In Malaysia, the debate surrounding the whys and the who next rages
A common theme emerged from the press within Malaysia: this is Mahathir’s fault and he must go. “How did we go from dancing in the streets in joyous celebration over the rebirth of our democracy to facing the possibility of a new kind of dictatorship?” asked Dennis Ignatius, a former ambassador, writing in Free Malaysia Today. “He plotted against his coalition and is now distancing himself from the plot after it went awry”.
The Sarawak Report went even further, calling accusing Mahathir of “dysfunctional behaviour” and suggesting “an icon of Malaysia seems to have all but lost the plot.”
“Many believe the old man cunningly planned this from the start”, it said, pointing out that “if he had he ought to have had a better plan.” The piece concluded, “it is time to pass on the baton”.
However, Mahathir has shown time and again how resilient he is. Writing in Channel News Asia, James Chin predicted that he might yet be Malaysia’s best bet. “He may be outspoken, even testy at times, but this is a man Malaysian leaders and society trust to lead Malaysia, even if it involves unconventional means that run counter to the system,” he wrote.
Malaysia’s constitution has come under increasing scrutiny
Meanwhile, New Straits Times highlighted that although the recent events are unprecedented, they are not unconstitutional or illegal. “Legitimate ‘horse trading deals’ are being done all the time,” said political analyst K.K. Tan.
“Many people do not seem to understand that the key element of our democratic system is the supremacy of Parliament, that a majority of MPs can at any time, form a new government, as long as the country’s constitution and Head of State (in our case, the King) allow for it. It is fully legitimate and democratic,” he argued.

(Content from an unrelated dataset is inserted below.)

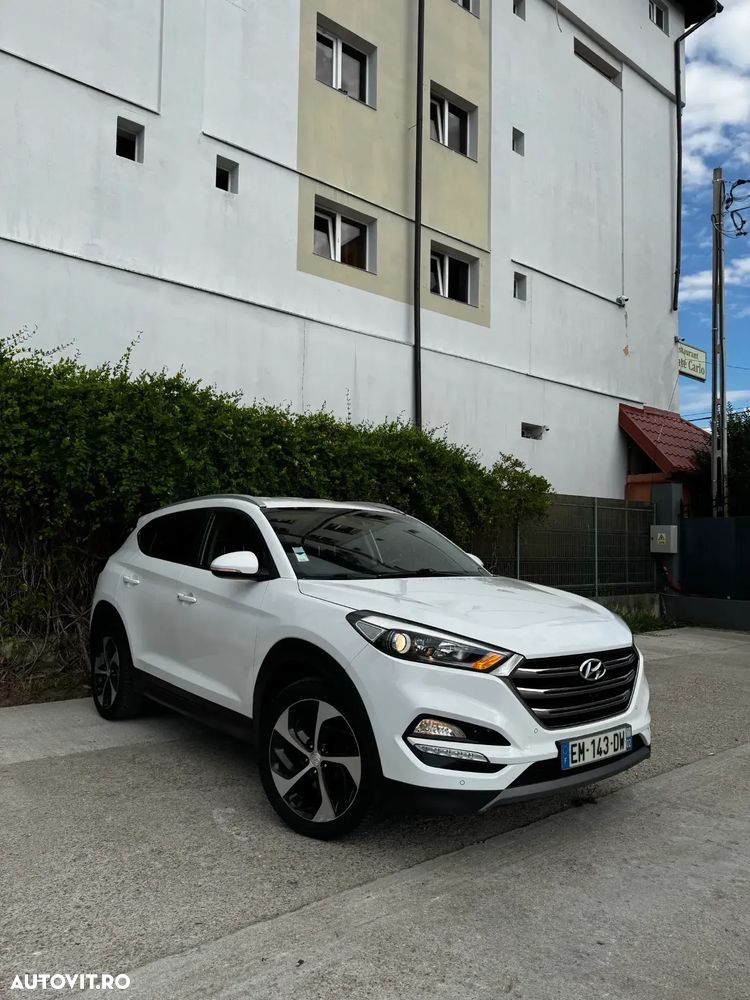 Hyundai Tucson - 1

The King has won admirers for how he handled the situation. His decision to meet with every MP was unprecedented. “This action by the King is highly commendable,” Tan added. “He is demonstrating clearly to the Rakyat that he would act within the spirit of the Constitution on his appointment of a new prime minister or in calling for a snap election”.
Elsewhere, thoughts turned to what this means for Malaysia’s future
Writing in Malaysiakini, Ding-Jo Ann expressed concern that the crisis will further set back democratic reforms in the country. Progress has been slow since Mahathir returned to power, but she remains hopeful. “No matter who our next prime minister is, and whether a unity government, Harapan 2.0, or backdoor government is put in place, we must ensure that the reform agenda continues,” she wrote.

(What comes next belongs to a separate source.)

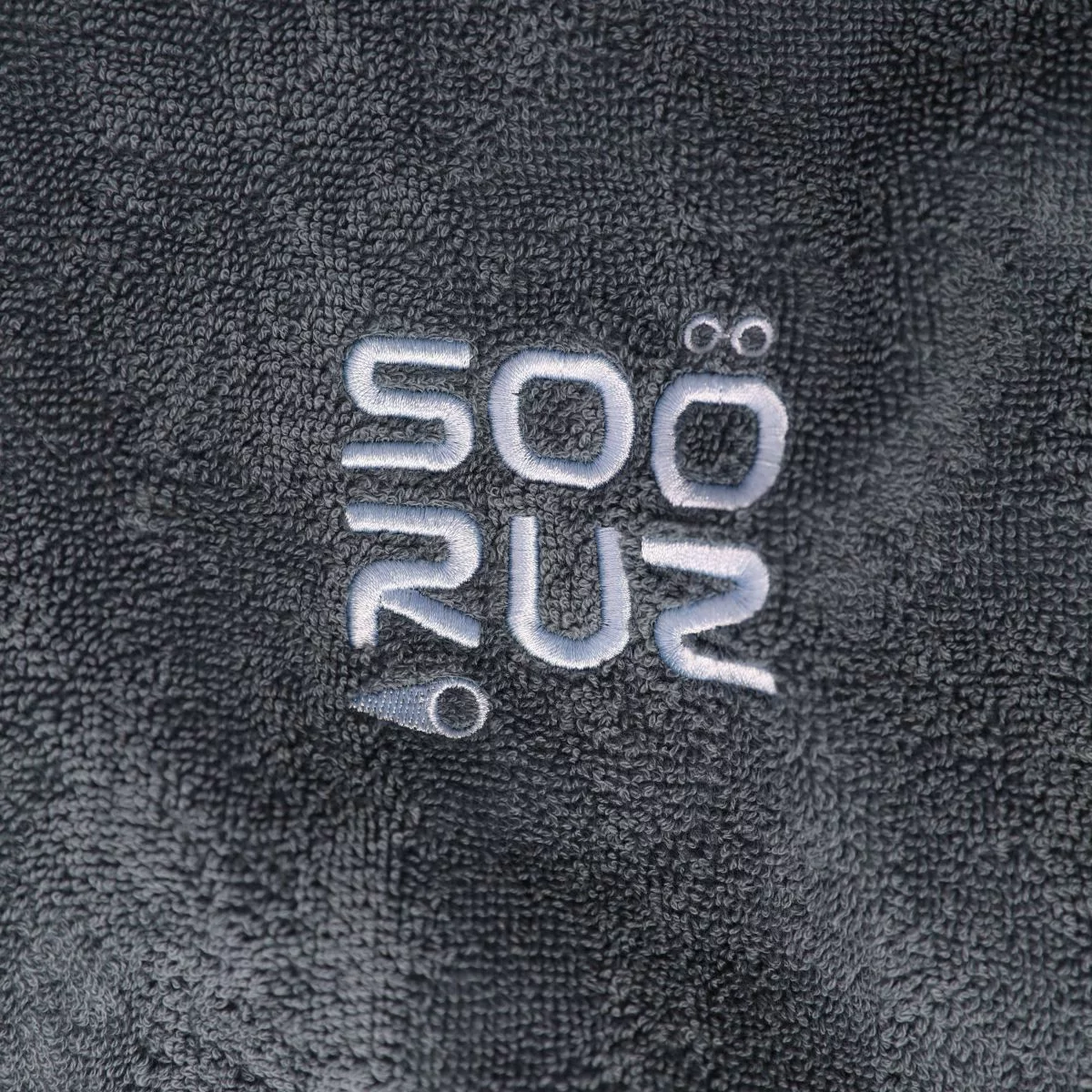 Sooruz Sooruz Blurry Poncho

Coverage from outside Malaysia centred on the impact of the crisis, particularly with economies in the region already feeling the knock-on effects of coronavirus. Amid falling growth in Malaysia, The Bangkok Post reported that immediately following the crisis, the stock market slipped to its lowest level in eight years before rebounding. The ringgit also took an initial hit.
Channel News Asia spoke to economists who agreed that although the crisis is not helpful, it will not lead to disaster. “The current political disruption has sent a shockwave, and it will cloud the outlook,” said Lee Heng Guie, executive director of the Socio-Economic Research Centre, a think tank. “But we cannot say outright that this will break the country’s economic back.”
What about relations between Malaysia and its neighbours?
The Jakarta Post reported that President Joko Widodo had wished Malaysia well. “[Indonesia] is hoping for the best for Malaysia and for relations of the neighbouring countries to continue on good terms,” it quoted Presidential spokesman Fadjroel Rachman as saying.
In Cambodia, The Khmer Times ran a piece from Huang Rihan, a research fellow at the Charhar Institute, exploring the impact of the crisis on Sino-Malay relations.
“Regardless of who the prime minister is, relations between China and Malaysia will stay on course,” he said. “As China’s strategic partner, Malaysia was among the first countries to support and participate in the China-proposed Belt and Road Initiative (BRI)”.
It is, of course, still too early to see how this political upheaval will play out and what impact it will have. An election seems likely. The renewed uncertainty will shock the economy, particularly if a new leader or coalition takes power.
Mahathir’s resignation came as a surprise, but his return in 2018 showed how unpredictable Malaysian politics can be. What the country, its economy, and the region now require is a swift and decisive end to the crisis. Then, whoever takes control in the next parliament can get on with moving the country forward.